21. Verificam-se todos os pressupostos da responsabilidade civil por factos ilícitos.
22. Decorre dos factos dados como provados nos pontos 21º e 22.º que o Apelado marido agiu com dolo, com dolo intenso.
23. Pelo que a indemnização não pode deixar de corresponder ao valor dos danos causados à Recorrente, dados por provados no ponto
26º da decisão da matéria de facto.
24. O Acórdão, ao julgar como julgou, viola o disposto o n.º1 do artigo 483.º do Código Civil.
Ademais,
25. A conduta do Autor marido viola, também, o disposto no artigo 3.º, aplicável neste caso por via do artigo 2.º, ambos Código da Estrada, Lei n.º72/2013, de 3 de setembro, em vigor à data da entrada do processo em Juízo, mercê dos factos provados nos pontos 12.º, 17.º, 21.º, 22.º, 28.º e 29.º.
Acresce que,
26. Num Estado de Direito, em sociedade, quem age como agiu o Autor marido, merece a maior censura!

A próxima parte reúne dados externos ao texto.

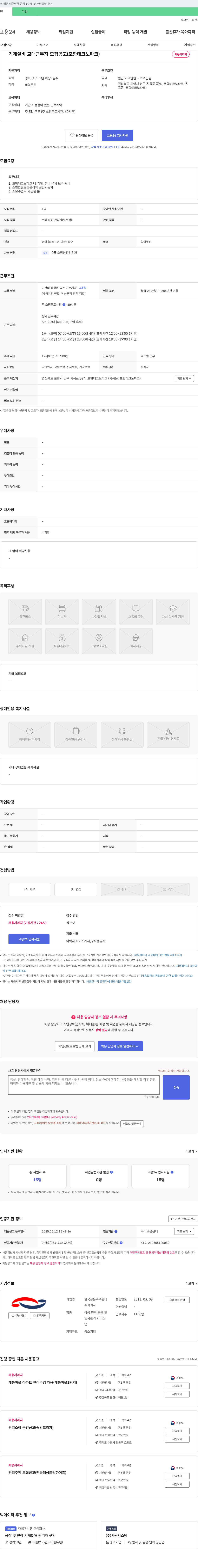 한국공동주택관리 기계 설비 교대 근무자 모집 공고 (포항테크노파크) 채용공고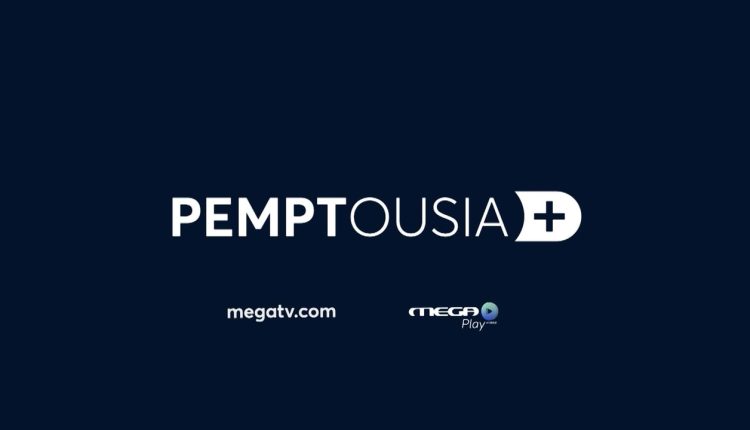 Η-pemptousia+-στο-mega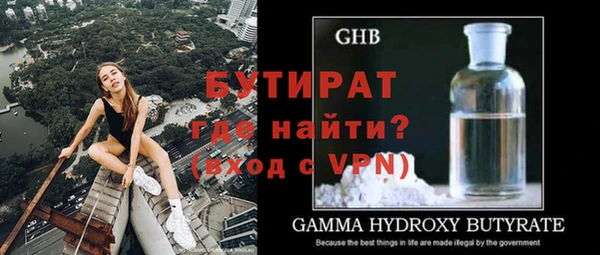 дмт Кодинск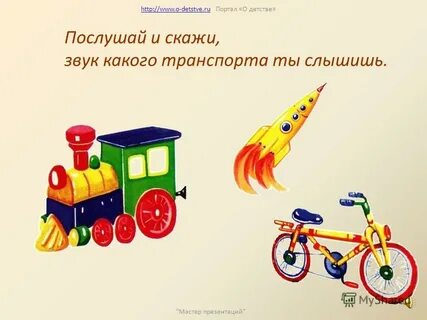 Звуки транспорта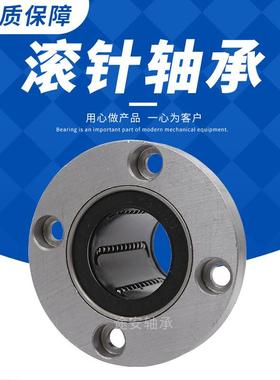 直精密冲外圈满装针轴承475内套NA4917滚A单向压滚针轴销承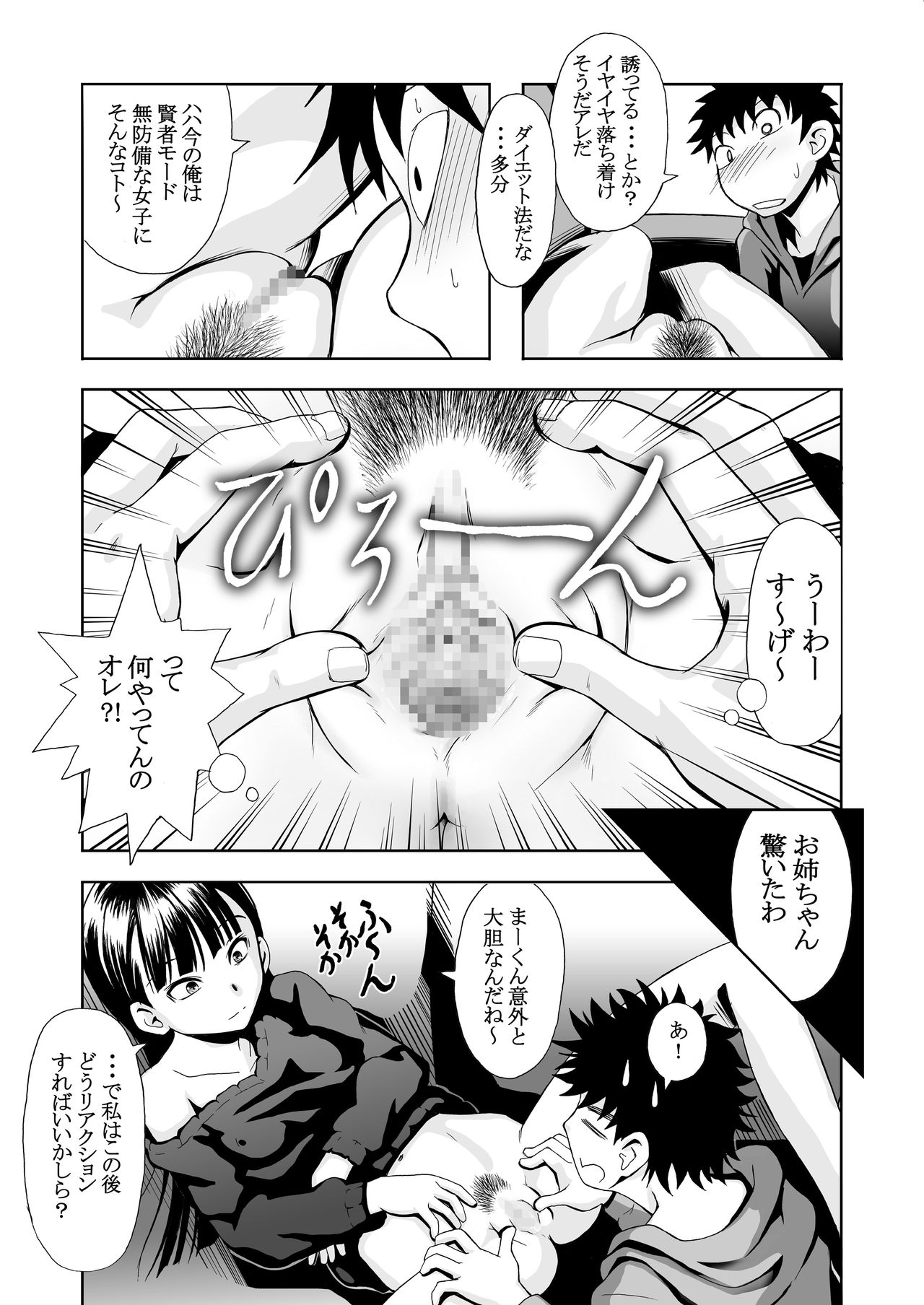 Konshinsōkan 2 sakuhin pakku ~ yameru toki mo wakatsu toki mo& imōto mo ~ue~e ~ page 11 full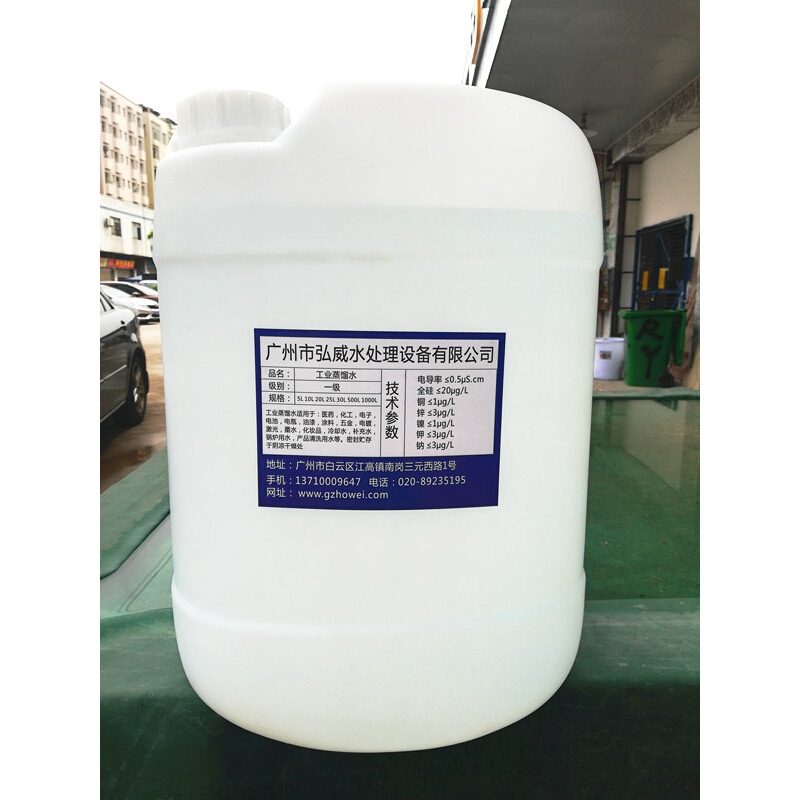 25L工业蒸馏水高纯度去离子水实验室蒸馏水叉车电瓶补充液蓄电池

27. A conduta do Autor marido integra claramente um facto ilícito, sendo o mesmo culposo e, assim sendo, obriga-o a indemnizar a Recorrente, preenchido que está o pressuposto do nexo de causalidade, apreciado segunda a tese da causalidade adequada, ainda que na perspetiva do abuso de direito.
28. Não se condenando a atuação o Autor marido é permitir que cada vez que não concordar, ou cada vez que uma decisão judicial não vá ao encontro do que pretende, se arrogue o direito de fazer a sua justiça pelas próprias mãos, destruído o que não lhe pertence, achando que o pode fazer impunemente!
29. Dar-se por bom o que se defende no Acórdão recorrido, o enquadramento que se faz da atuação do Autor marido, desobrigando-o de indemnizar, é legitimar a destruição por este mandada executar.
30. É, no fundo, legitimar a anexação pela força, o açambarcamento pretendido pelo Autor marido, não obstante o desfecho da ação anterior.
31. É potenciar-se que venha, novamente, a fazer a mesma coisa.
32. Depois da ação do Apelante marido, materializada na destruição do caminho edificado no prédio entretanto descrito e inscrito na matriz por iniciativa da Recorrente, esta, a sua família, caseiros e visitas, deixaram de conseguir aceder à quinta do modo como vinham fazendo desde há mais de 60 anos.
33. Não tendo outra alternativa viável de acesso.
34. In casu, há responsabilidade delitual, geradora da obrigação de indemnizar, quanto mais não seja pelo abuso de direito perpetrado pelo Autor marido.
35. Interpretando-se este Instituto em sentido amplo, “abrangendo as simples liberdades, designadamente a liberdade genérica de agir e a liberdade especial de contratar, ou convocar “uma proibição destinada a assegurar o mínimo ético-jurídico no relacionamento entre os membros da comunidade jurídica”, independentemente de se encontrarem ou não inseridos em relações contratuais, conduzindo a soluções práticas idênticas às que resultam do recurso ao art. 334º do CC.”. (cfr. Acórdão fundamento 2).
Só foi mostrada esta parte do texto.